Field Marshal Kesselring proclaimed October 8-14, 1944, as a special week, to be observed by all his troops in German-occupied Italy. “And what will be the nature of this week, Herr Marshal?” a staff general inquired.
“It will be known as Antipartisan Week,” Kesselring growled, “and we will observe it by exterminating this guerrilla resistance once and for all. Our German Wehrmacht is being stopped by a shadow.”

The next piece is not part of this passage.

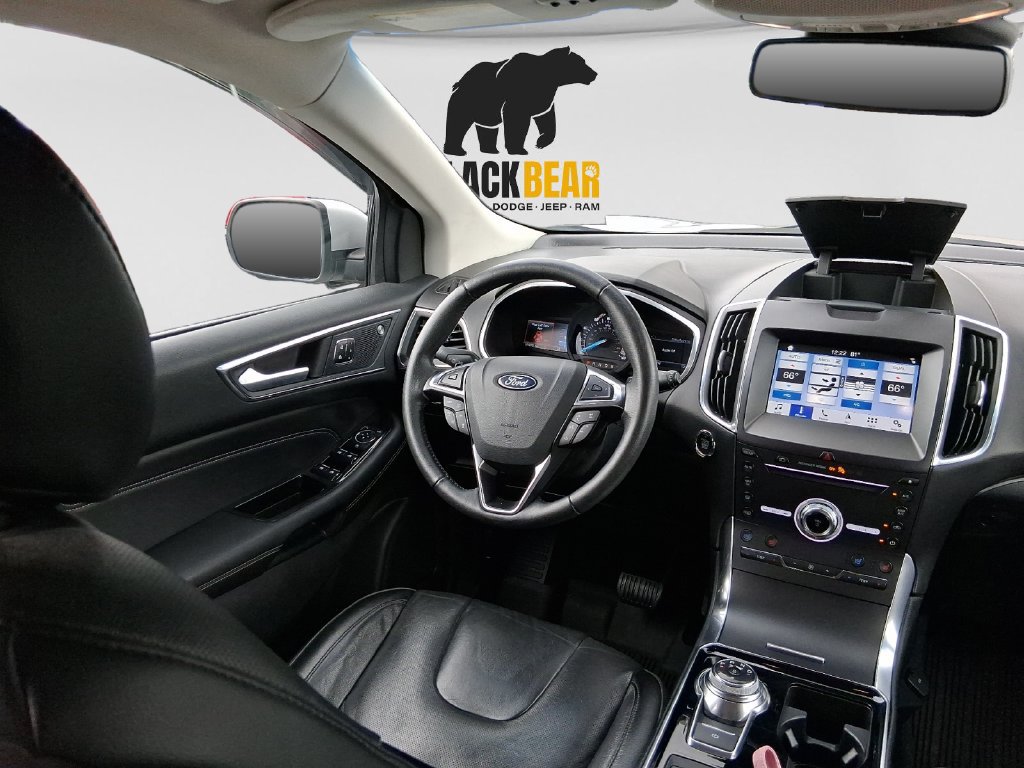 Used 2019 Ford Edge Titanium w/ Equipment Group 301A AWD/4WD image 9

The shadow lay dark across the path of every retreating division as the Nazis moved northward through Italy after the evacuation of Rome. Partisans haunted the towns and hamlets the Germans passed, poisoning their water, putting their trucks out of commission with emery dust concealed in the bearings. They struck silently in Nazi bivouacs at night—the pad of feet, the gasp of a sentry garroted at his post. Land mines exploded along the line of march, snipers fired from ledges and faded away like phantoms, a key highway bridge crumbled before the retreating armies in a cloud of smoke and flying chunks of concrete. Kesselring’s own communication lines, repaired one day, were found cut in a dozen places the next. At the very moment that the marshal was announcing Antipartisan Week to his division commanders, a mysterious blast in the power plant plunged the room into darkness, and Kesselring stamped back to his quarters with his speech unfinished.

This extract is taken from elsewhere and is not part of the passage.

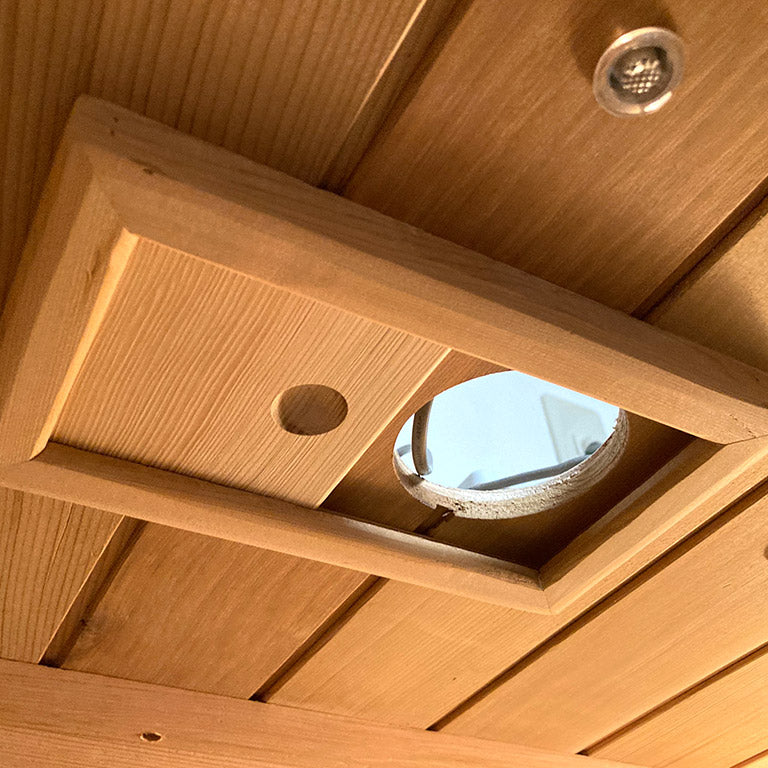 上部には新鮮な空気を入れるために不可欠な換気口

The proud German army found itself on the defensive, fighting a force without substance. Sentries were ordered to walk in pairs, guards were doubled and redoubled. It was safer to risk the Allied Air Force in the daytime than to travel through partisan-held country at night. Whole battalions were withdrawn from combat zones to hunt the elusive resistance bands. One company of picked troops scoured the hills for a week in search of a parachuted O.S.S. radio team and returned empty-handed with a third of its complement wounded or missing. Furious, Kesselring proclaimed that henceforth any Allied agent caught working with the partisans, in uniform or not, would be shot on sight.
Threats and savage reprisals failed to cow the shadow army. Members of the resistance taken prisoner by the Nazi S.S. were castrated or had their eyes gouged out. Others were impaled on steel meat-hooks and hanged in village squares, a popular form of S.S. torture. The Germans would tie a prisoner’s hands, lift him off the ground, then lower him so that the two meat-hook points would penetrate the soft underside of his jaw, just inside the jawbone; and all the inhabitants of the village would be routed out at bayonet-point to watch his agonized writhings.

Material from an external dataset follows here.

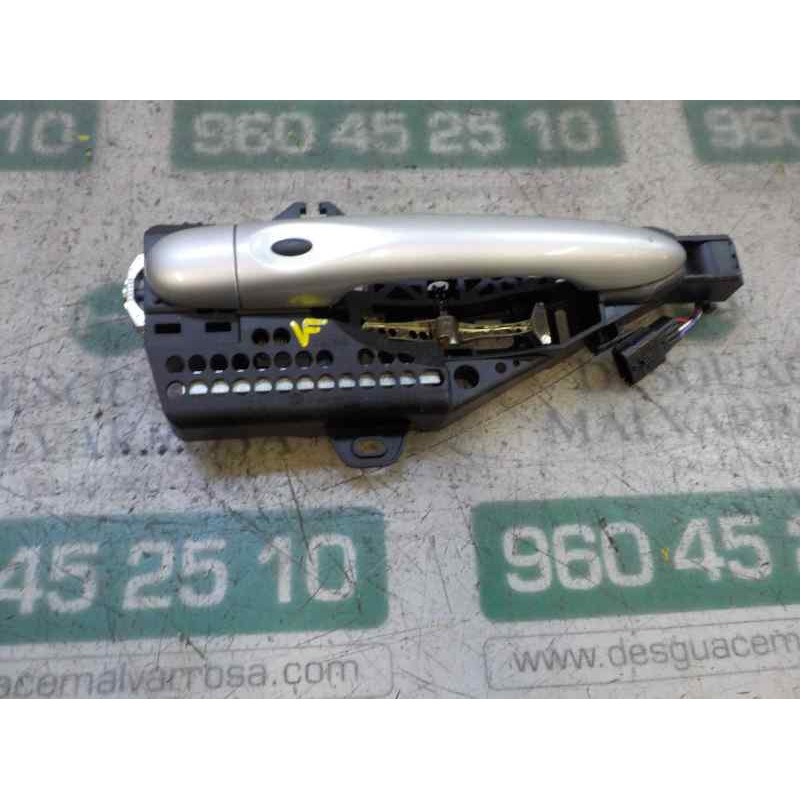 Recambio de maneta exterior delantera derecha para renault captur 1.2 tce referencia OEM IAM 806706656R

Still the partisans fought on, growing bolder and more numerous as Kesselring’s forces reached North Italy, where anti-Fascist, as well as anti-German, sentiment was strongest. Many former Italian army officers joined the civilian resistance groups and disclosed to them the formal organization of military units.
When the general German retreat to the Gothic Line—above Florence—was at its height, in the summer and fall of 1944, several major partisan groups deep inside northern Italy, supported by O.S.S. weapons and communication facilities, engaged in open combat with the Nazis. One of the principal uprisings was in the VaI d’Ossola, where a large resistance group led by O.S.S. agent “Como” attacked German garrisons along Lake Maggiore, hoping to clear the enemy from a stretch of the Swiss-Italian frontier. Marshal Kesselring committed two of his divisions to eliminate the Val d’Ossola bands, and they were bivouacked in the lakeside resort town of Cannobia. The partisans notified the O.S.S. in Bern, Switzerland, that they could capture the town if they were supported by Allied air attacks on certain specified targets, including enemy barracks and boats being used as transports. Bern passed the word to Caserta, and on September 25 the Tactical Air Force bombed so accurately that the partisans quickly took Cannobia.